On this point, the law makers and the courts owe a duty to the society to define the powers of the Governor and the enforceable rights of persons holding various interest in land.

Bureaucracy of Land Registration and Titling
The bureaucracies involved in land acquisition and perfection of title poses a considerable difficulty to effective housing delivery, especially in most urban areas. Challenges faced in land accessibility includes affordability, availability and ease in acquisition. For instance, the process of obtaining a certificate of occupancy may take up to 2 – 5 years while the cost of registering a mortgage is estimated at 19% of the property value. 

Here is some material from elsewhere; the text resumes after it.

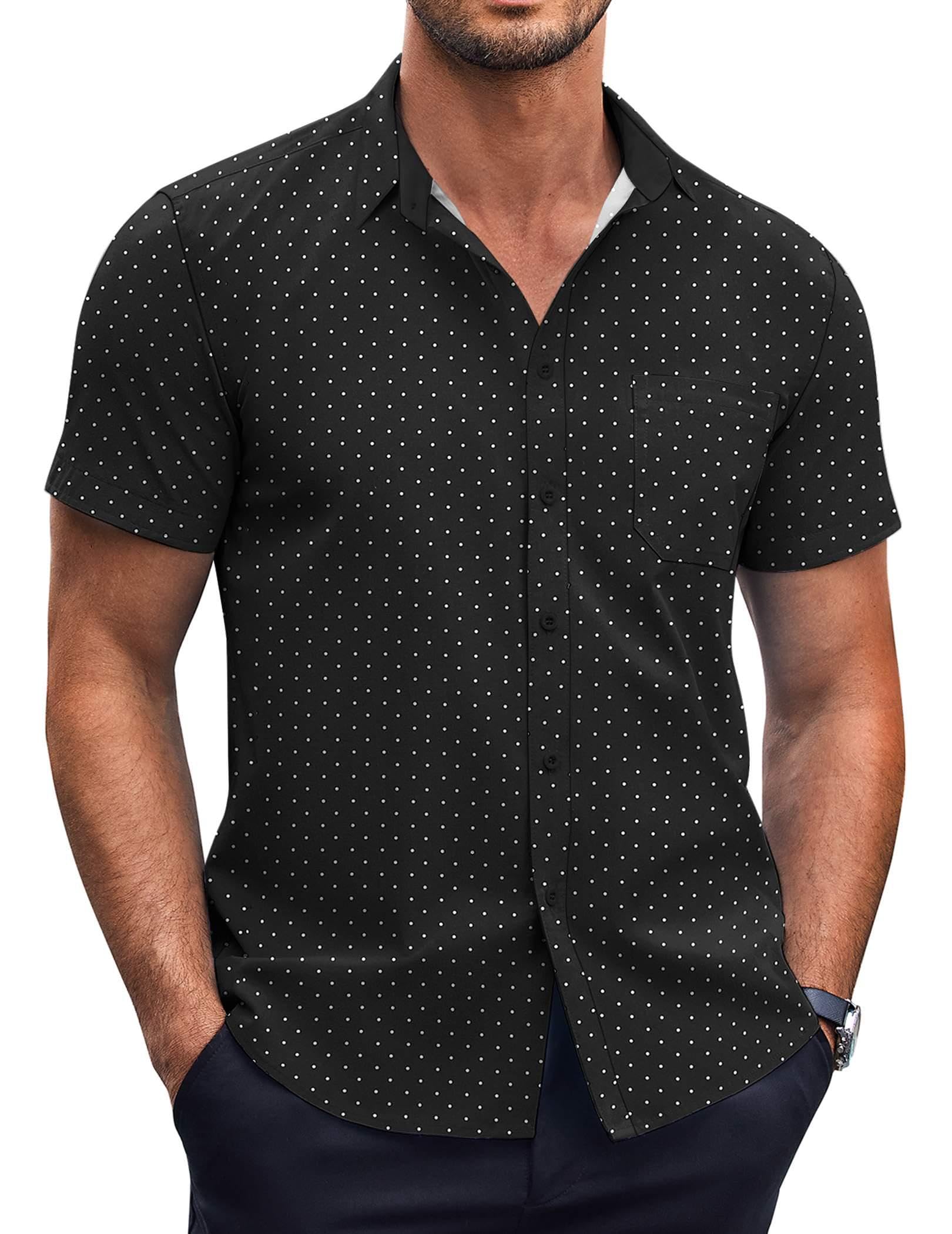 COOFANDY Mens Short Sleeve Button Down Shirts Wrinkle Free Dress Shirts Casual Polka Dot Print Shirt with Pocket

The point to take home here is the need for an up-to-speed digital registry to capture and process perfection of title applications. An accurate and comprehensive land registration system is a necessary condition for effective property rights. However, it is important to mention that a few states such as Lagos have begun to address this problem through the setting up of several land registries in the State. At the Federal level, creating or sponsoring a Mortgage Electronic Registration System as is done in the United States and other established markets will also help to increase the ability to mortgage properties. As stated in the above point, the responsibility of the Governor towards lands transactions ought to be circumscribed.

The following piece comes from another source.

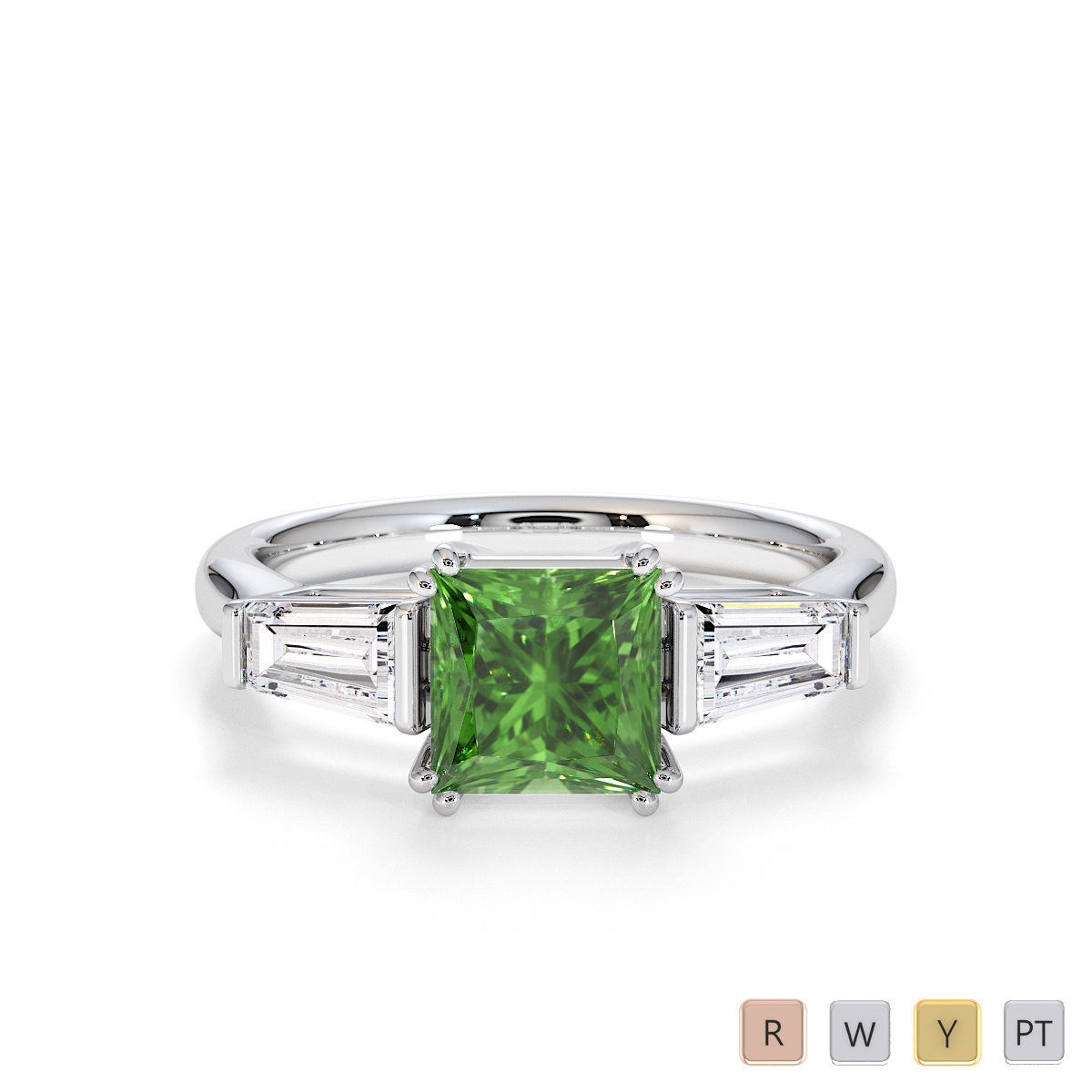 5.80 mm Princess Cut Green Tourmaline with Diamond Engagement Ring 0784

High Interest Rates and Inflation
Compared to some other jurisdictions where mortgage interest rates range between 3-5 percent, Nigeria’s mortgage interest rates range between 16-24 percent save for the Federal Mortgage Bank which lends under 10%. High rates of interest charged by financial institutions presents a major disincentive for middle and low income earners to patronise mortgage financing. It is also common practice for commercial banks to misrepresent commercial loans as mortgages which tend to have higher interest rates and for which the duration is usually a maximum period of two (2) years.  As a result of this, the preferred options adopted by Nigerians to fund housing projects are personal savings,monthly contribution groups, returns on sale of previous houses, government subsidy on public sector housing etc.

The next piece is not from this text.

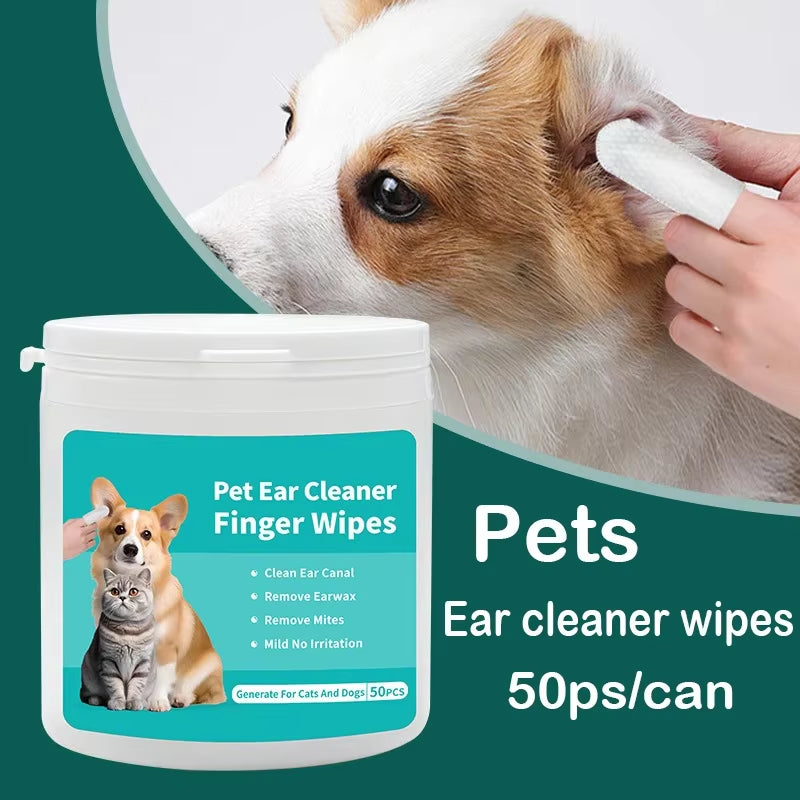 50 PCS Pet Cleaning Products Ear Cleaning Wipes Ear Care Fingertips Ear Mite Removal Cat and Dog Ear Cleaning Pet Products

The recommendation in this regard is to regulate mortgage institutions by a central guideline on mortgage transactions. This need not stem from the legislative arm of government but may be articulated by interest groups both from the investing and consuming community.

Low Awareness about Mortgage Financing Arrangements
There is an extremely low level of awareness of mortgage facilities, their benefits and services provided. Research shows that mainly civil servants and individuals in formal employment take up mortgages as a result of the monthly contributions they make to the National Housing Trust Fund. Data across the 36 states and the FCT also indicates that people based in rural areas are less likely to consider use of mortgage facilities compared to those based in urban areas. This is both as a result of absence of unawareness of the existence of such facilities and earning capacity of the rural populace. There is clearly a need for development of models to enable the spread of mortgage arrangements to these areas, and transmission of information, considering the fact that an estimated sixty-eight (61) percent of Nigeria’s population live in rural areas.

Opportunities for Growth
The above challenges notwithstanding, with targeted and specific reforms, mortgages can become a viable option to resolve the housing deficiency and ultimately improve the state of the economy. The current situation presents a huge opportunity for private investment and job creation. It is estimated, following labour impact assessments in countries such as Columbia, Malaysia and South Africa, that at least 5.2 direct jobs can be generated with every new home and 2.48 indirect jobs associated in housing related expenditure.A starting point for this sort of development will include as of necessity,amending the Land Use Act to adequately address the aforementioned challenges, facilitate ease of approval processes, and act as a pivot for development.